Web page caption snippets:
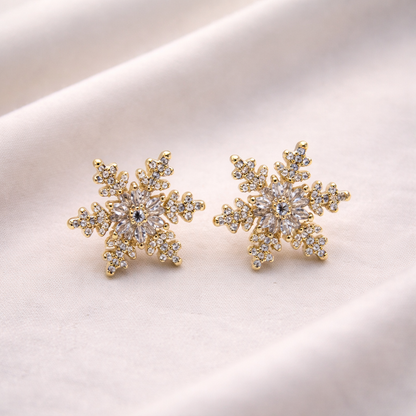 Zirconia Snowflake Stud Earrings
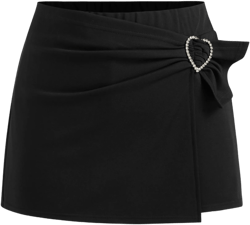 Mid Rise Heart Rhinestone Skort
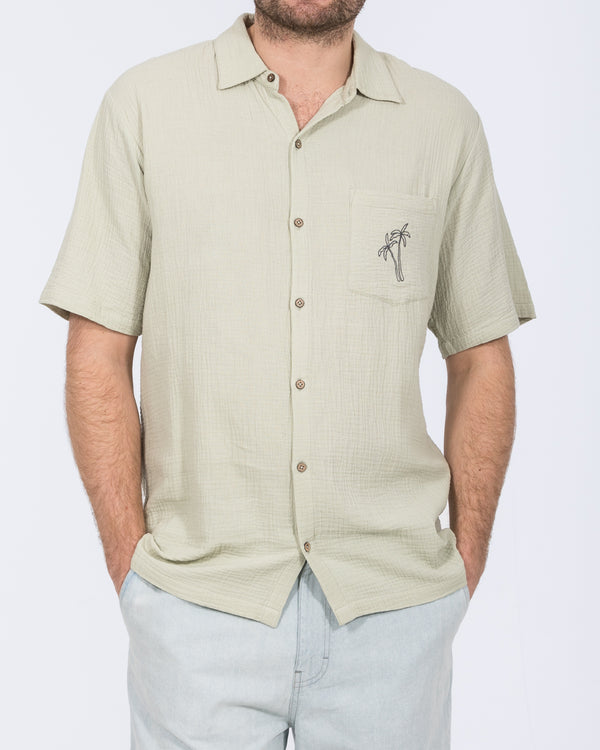 2t Grayson Tall Short Sleeve Embroidered Shirt (sage palm)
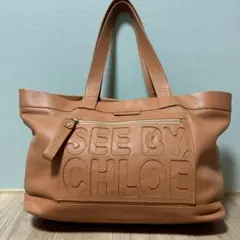 SEE BY CHLOE Camel Leather Tote Bag A4のサムネイル
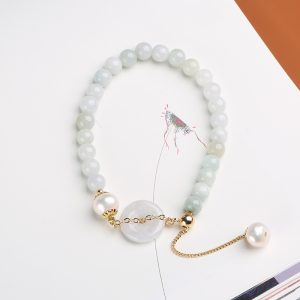 Natural Emerald Peace Buckle Pearl Bracelet For Women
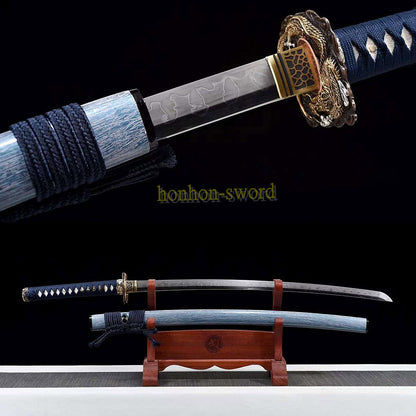 1095 Kohlenstoffstahl Katana Blaue Klinge Japanisches Samurai-Schwert Full Tang Schwarz 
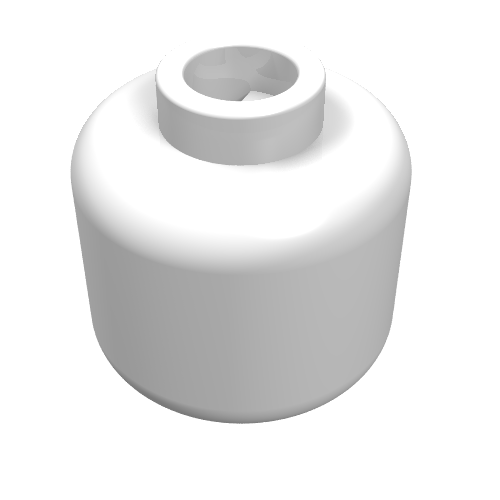 Minifig Head [Plain] [Blocked Open Stud] White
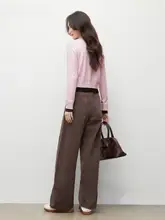 コーヒー色デニムパンツ【ハイウエスト・フィット・ワイドレッグ】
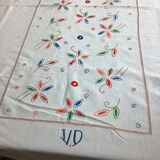 Tablecloth & 9 old monogram linen napkins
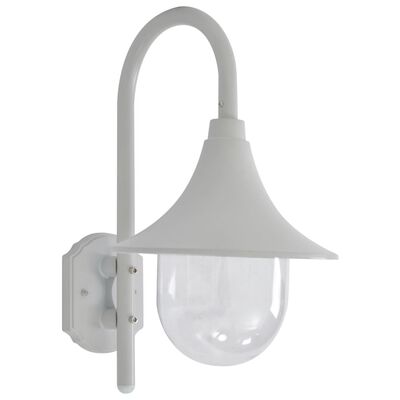 vidaXL Utendørs vegglampe E27 42 cm aluminium hvit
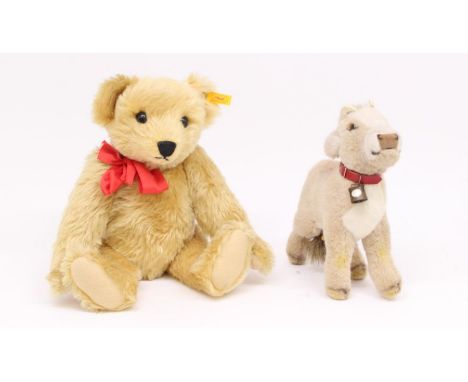 Steiff: A pair of unboxed Steiff plush toys to comprise: Steiff bear, yelllow tag, Reference No. 406256; together with a Stei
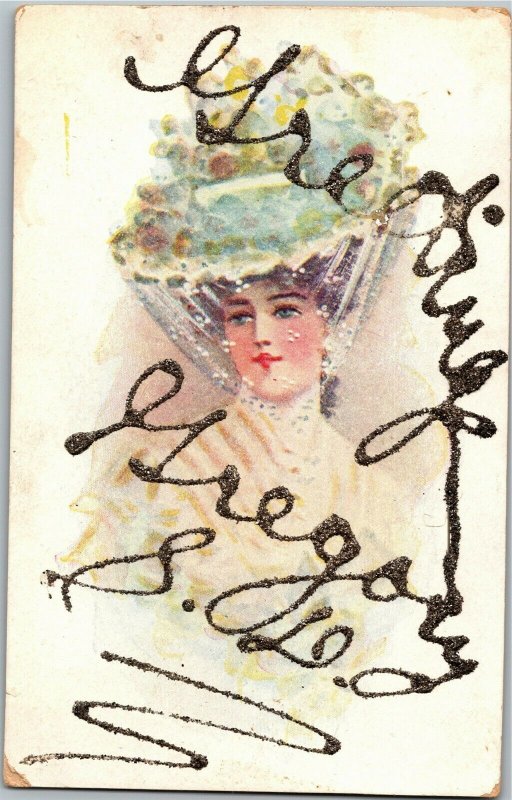 Greetings from Gregory SD Beautiful Lady Undivided Back Vintage Postcard C01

Problem requirements: The answer consists solely of the lines from the one holding "Steiff: A pair" through the final line of the records, both ends included, each duplicated exactly. Leave images out.

Answer box:
 Steiff: A pair of unboxed Steiff plush toys to comprise: Steiff bear, yelllow tag, Reference No. 406256; together with a Stei
 Greetings from Gregory SD Beautiful Lady Undivided Back Vintage Postcard C01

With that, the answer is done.